● **What is being asked**
Please return exactly the lines from the one containing "Dr Jorge E. Valdez García" through the end of the records, including both.

● ● ● ●

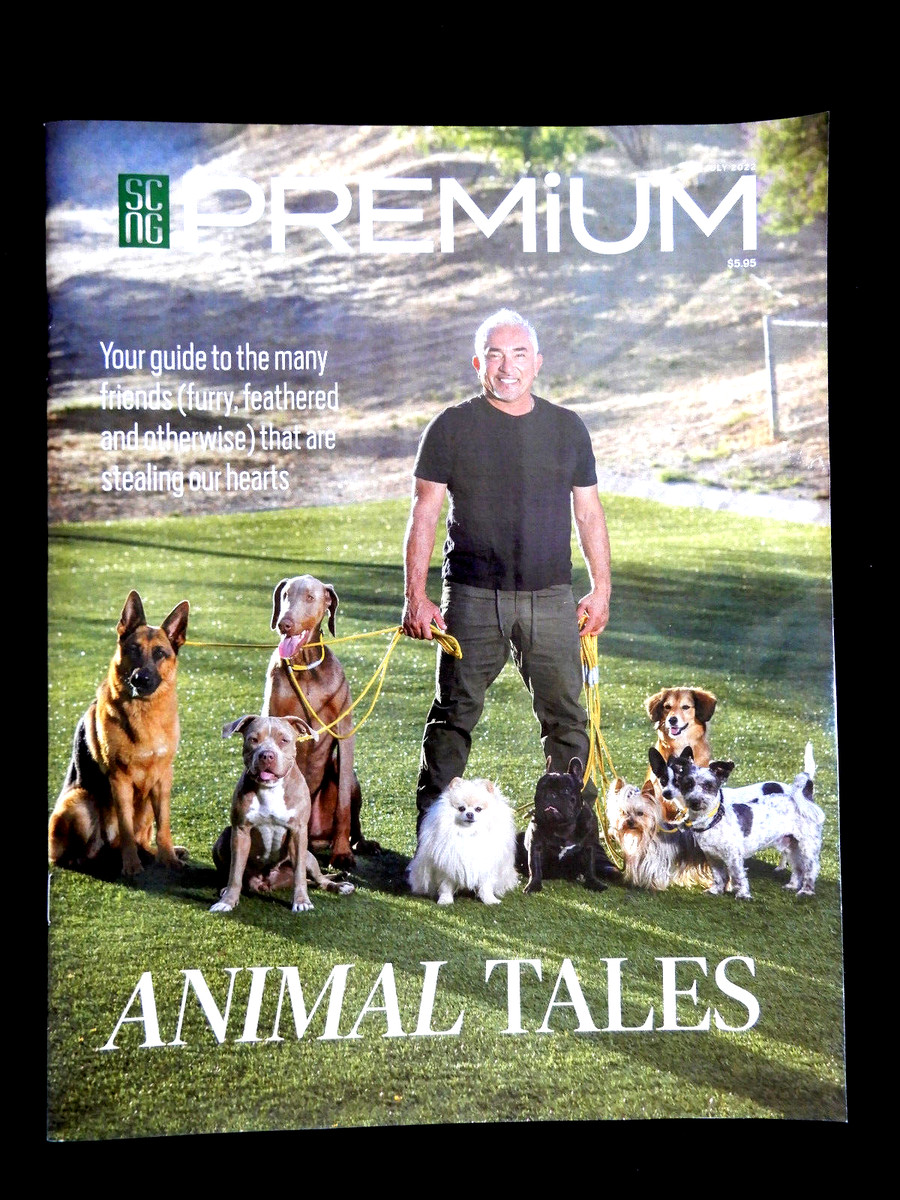 SCNG PREMIUM MAGAZINE July 2022 ANIMAL TALES Cesar Millan YOUR GUIDE TO PETS  Dog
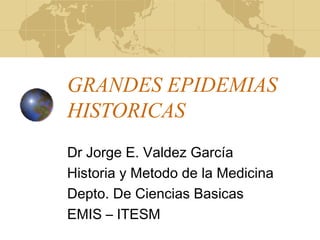GRANDES EPIDEMIAS
HISTORICAS
Dr Jorge E. Valdez García
Historia y Metodo de la Medicina
Depto. De Ciencias Basicas
EMIS – ITESM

● ● ● ●

● **Solved problem**
Dr Jorge E. Valdez García
Historia y Metodo de la Medicina
Depto. De Ciencias Basicas
EMIS – ITESM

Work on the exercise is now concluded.